Une histoire de famille
Dès 1995, Hermann commence à collaborer avec son fils Yves. Il réalise ainsi l’encrage du Secret des hommes chiens, polar que ce dernier a scénarisé et crayonné. Yves H – comme il décide de signer ses albums par la suite – décide de se consacrer au scénario, et initie pour son père une trilogie naviguant entre histoires policières et nostalgie amère : Liens de sang (2000), Manhattan Beach 1957 (2002) et The Girl from Ipanema (2005), pour Le Lombard. La complicité familiale s’illustre également en 2001, avec un nouveau tome des Tours de Bois-Maury, puis en 2006 avec Vlad l’empaleur (Casterman), premier volet d’un triptyque pluriséculaire consacré au plus célèbre des vampires. Toujours en quête de nouveaux défis, Hermann et Yves H entament en 2008 le Diable des sept mers (Dupuis), récit d’aventures et de pirates se déroulant au xviiie siècle au large des côtes étasuniennes. Cette collaboration père-fils suit donc désormais un rythme de croisière, porté par le partage de thèmes et d’envies les plus variés.

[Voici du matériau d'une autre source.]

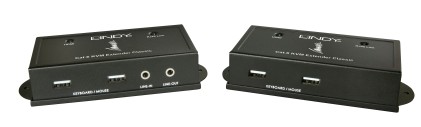 Lindy Switch Extender Kvm Classic Cat.6 Hdmi Usb-Hid Audio 50M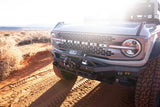 DV8 Offroad Spec Series Winch Front Bumper (MPN: FBBR-05)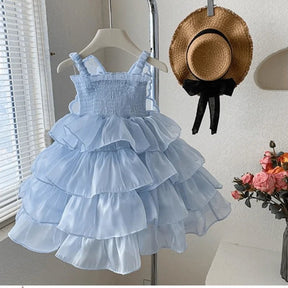 Vestido Tula Camadas Borboletas | 0 - 24 Meses - Betina Baby
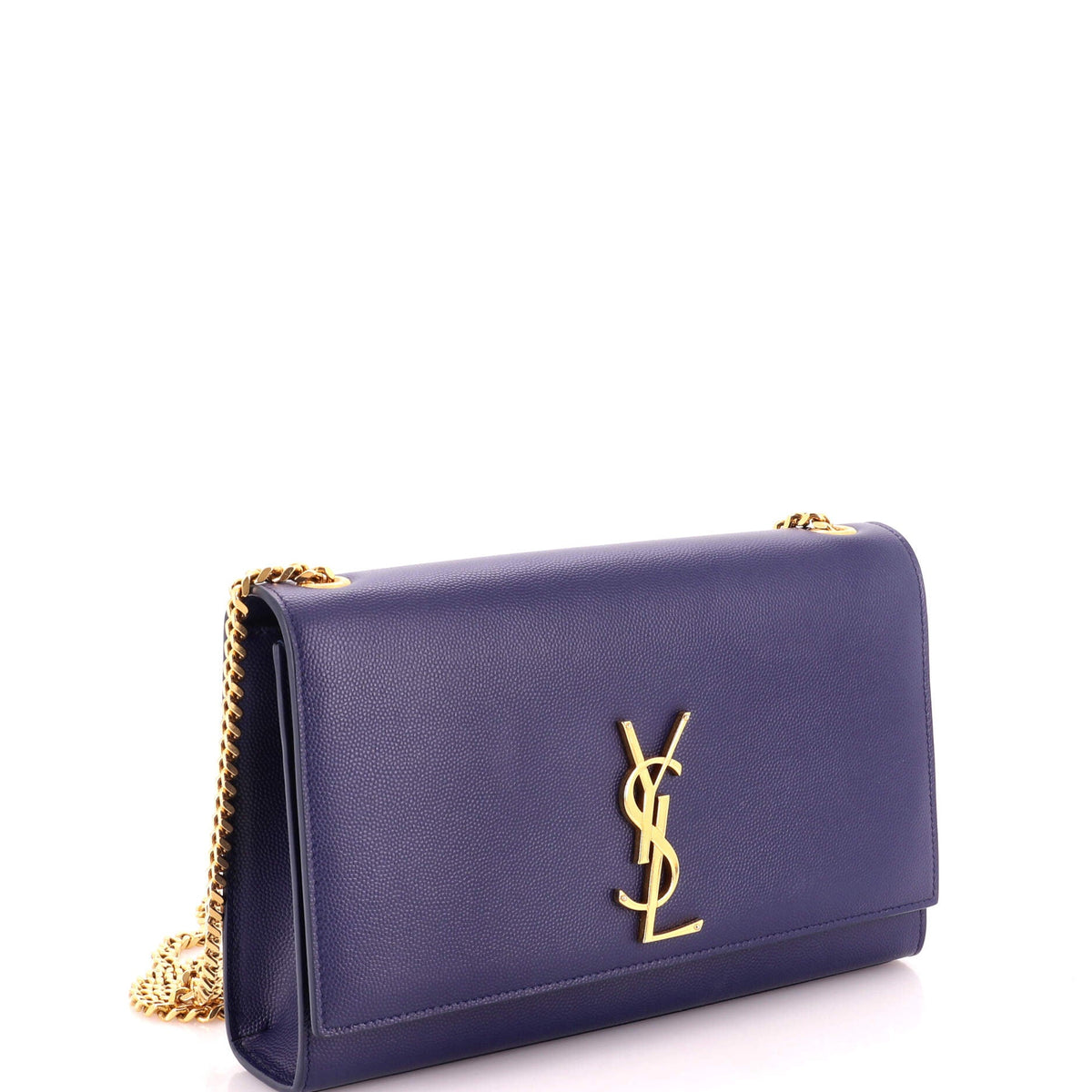Classic Monogram Crossbody Bag Grainy Leather Medium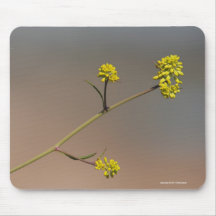 Flower Stem Mousepad
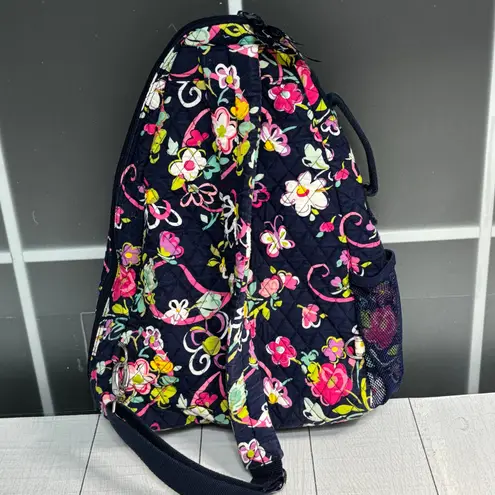 Vera Bradley  Sling Tennis/Pickleball Backpack Ribbons Print
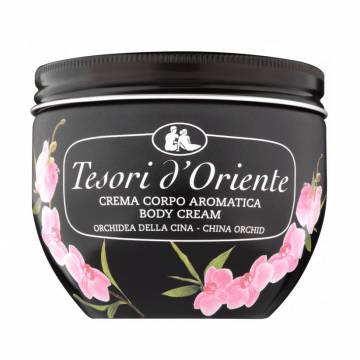 Уценка! Парфюмированный крем для тела Tesori dOriente Body Cream Китайская орхидея, 300 мл Уценка! Парфюмированный крем для тела Tesori dOriente Body Cream Китайская орхидея, 300 мл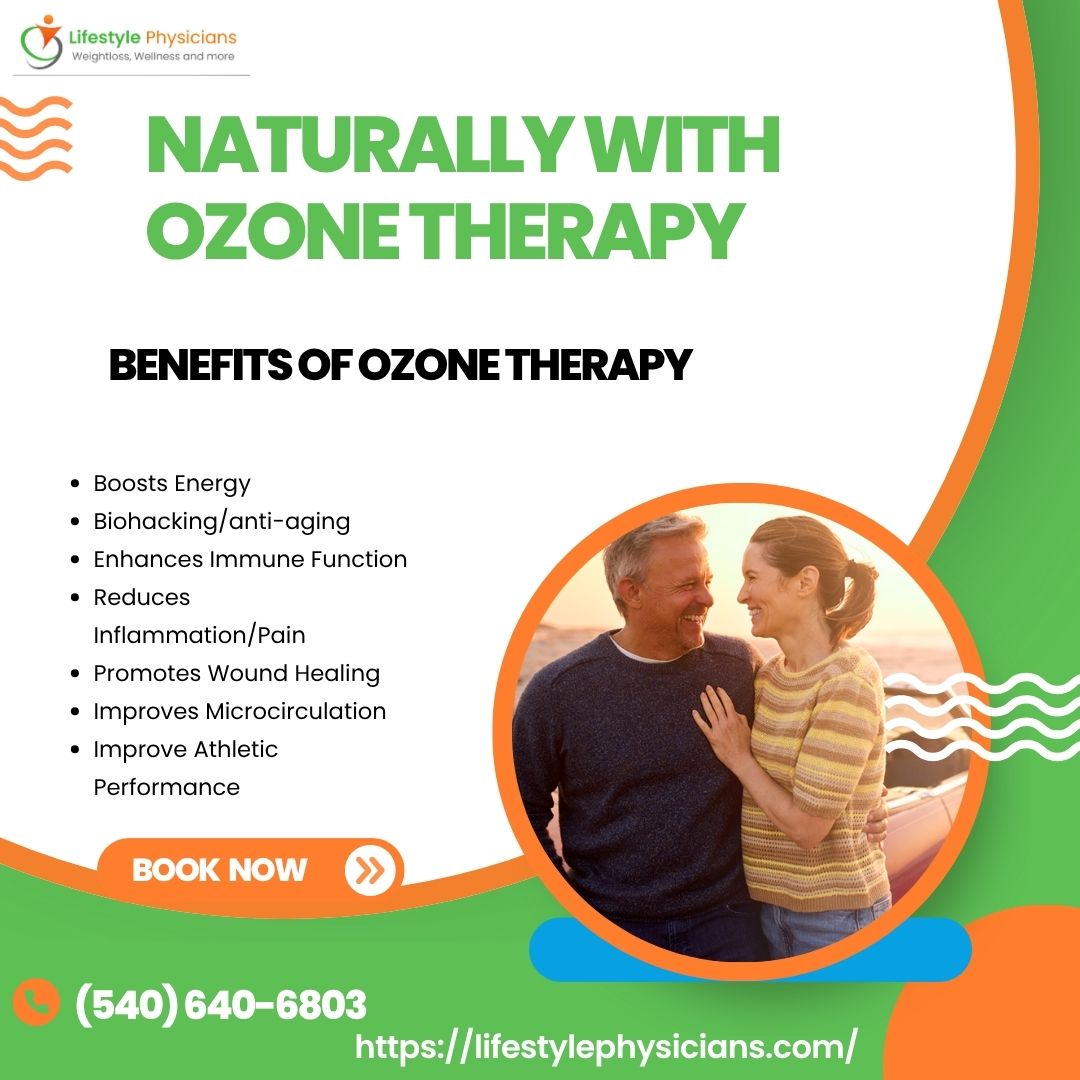 Naturally with Ozone Therapy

Auteur majeur, Hermann est une figure atypique du monde de la bande dessinée. Surnommé « le sanglier des Ardennes » pour son caractère irascible et sa propension à l’isolement, l’homme surprend autant par l’étendue de son talent – à la fois comme conteur et comme dessinateur – que par ses propos sans nuances, ses prises de position, ses cris du cœur. Profondément déçu par l’espèce humaine, il reconnaît s’adonner à la bande dessinée comme à une drogue, nécessaire exutoire pour canaliser ses colères et ses angoisses et indispensable moteur pour continuer à avancer du côté des vivants, à travers une œuvre riche en poésie, en violence, en humanité.